EXERCISE REQUIREMENTS
With the pictures left out, restate exactly the part below that opens with the line containing "CREATINA SNEP" and closes with the line containing "Mercedes-Benz EQE usata a Bologna (3)".

DATASET EXTRACT
■ ■ ■
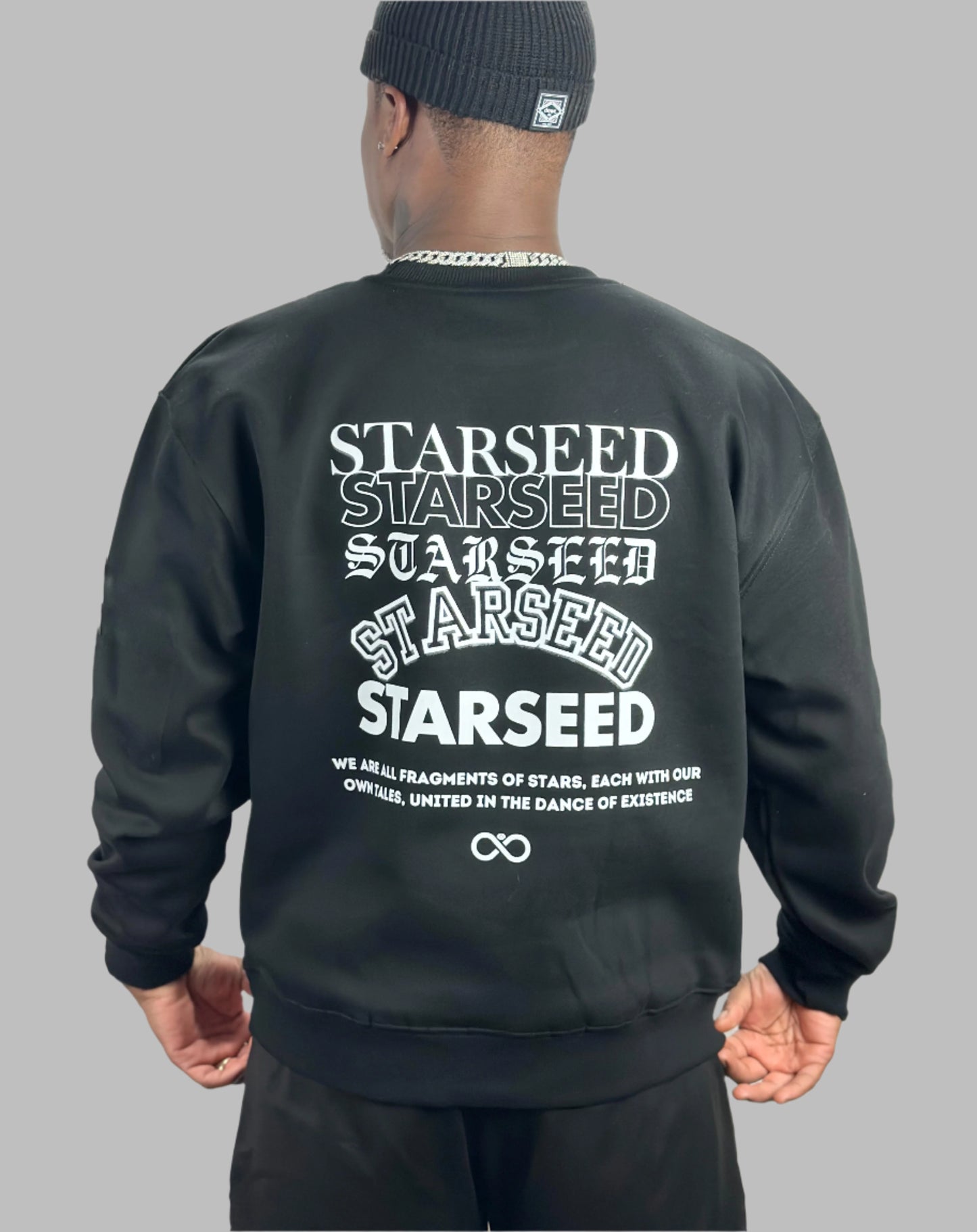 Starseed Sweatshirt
■ ■ ■
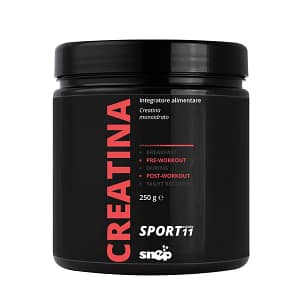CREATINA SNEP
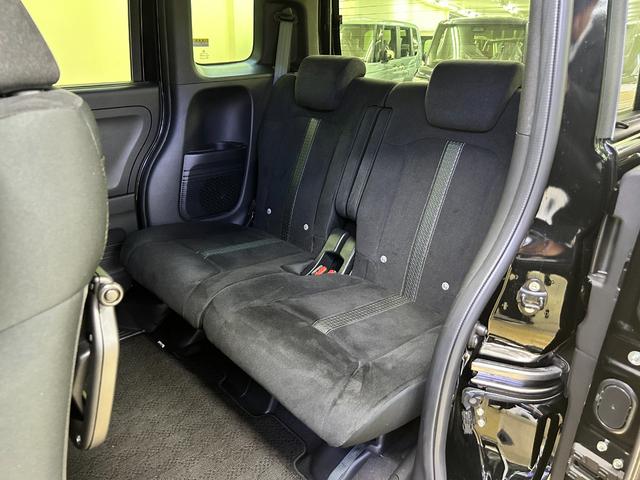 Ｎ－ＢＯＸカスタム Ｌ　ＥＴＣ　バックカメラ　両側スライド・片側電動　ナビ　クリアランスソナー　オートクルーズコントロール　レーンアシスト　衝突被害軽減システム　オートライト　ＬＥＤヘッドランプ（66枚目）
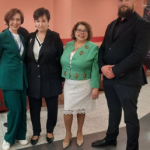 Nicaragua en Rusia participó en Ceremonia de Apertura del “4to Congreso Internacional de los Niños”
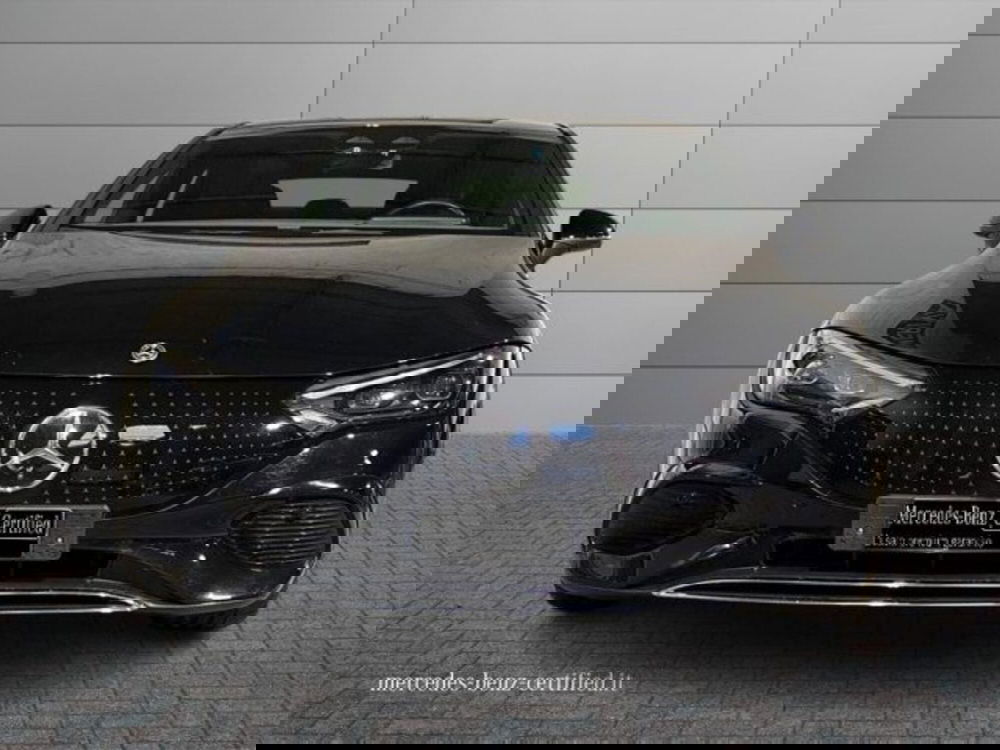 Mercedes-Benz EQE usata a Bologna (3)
■ ■ ■
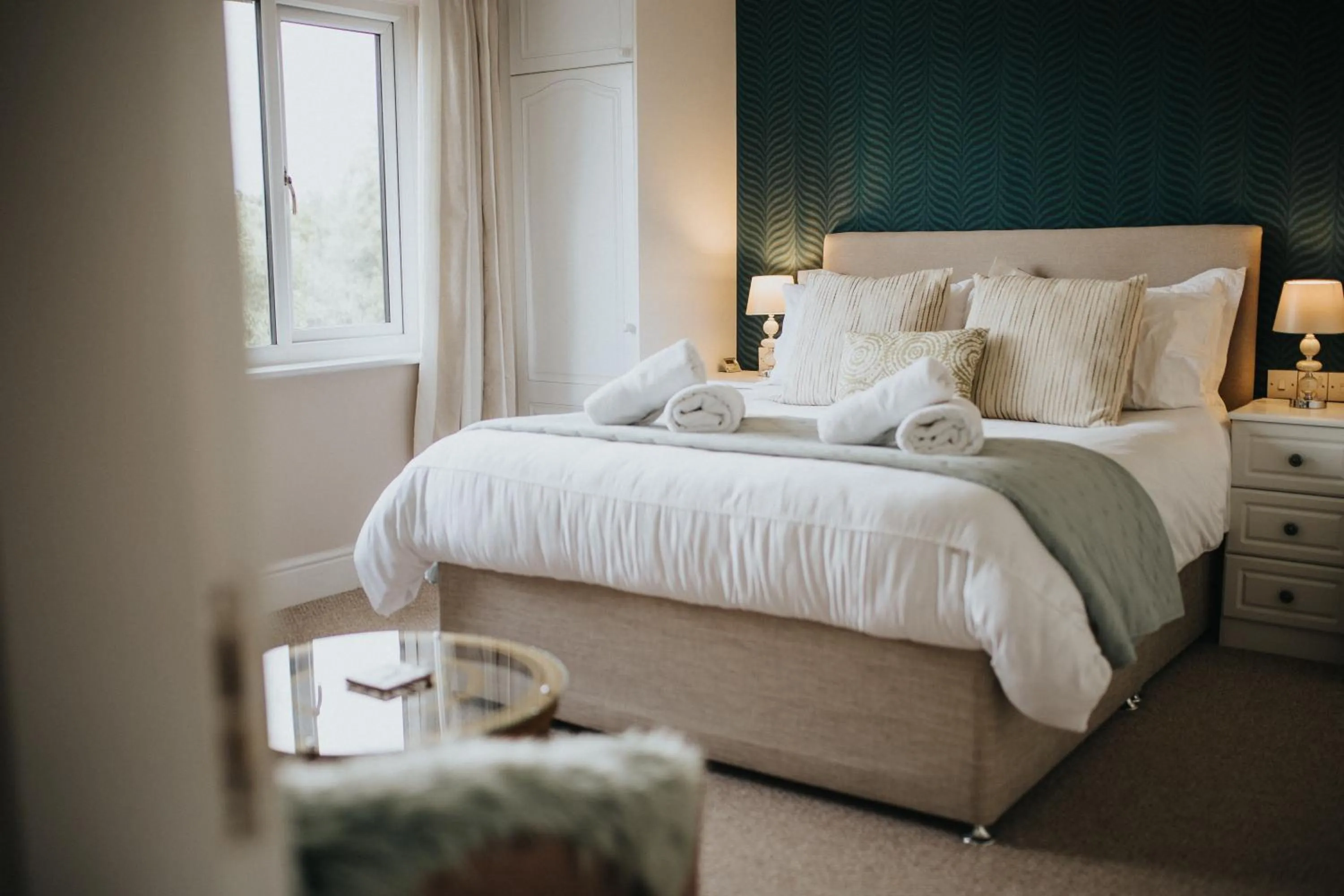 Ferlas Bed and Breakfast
■ ■ ■
WRITTEN REPLY
CREATINA SNEP
 Ｎ－ＢＯＸカスタム Ｌ　ＥＴＣ　バックカメラ　両側スライド・片側電動　ナビ　クリアランスソナー　オートクルーズコントロール　レーンアシスト　衝突被害軽減システム　オートライト　ＬＥＤヘッドランプ（66枚目）
 Nicaragua en Rusia participó en Ceremonia de Apertura del “4to Congreso Internacional de los Niños”
 Mercedes-Benz EQE usata a Bologna (3)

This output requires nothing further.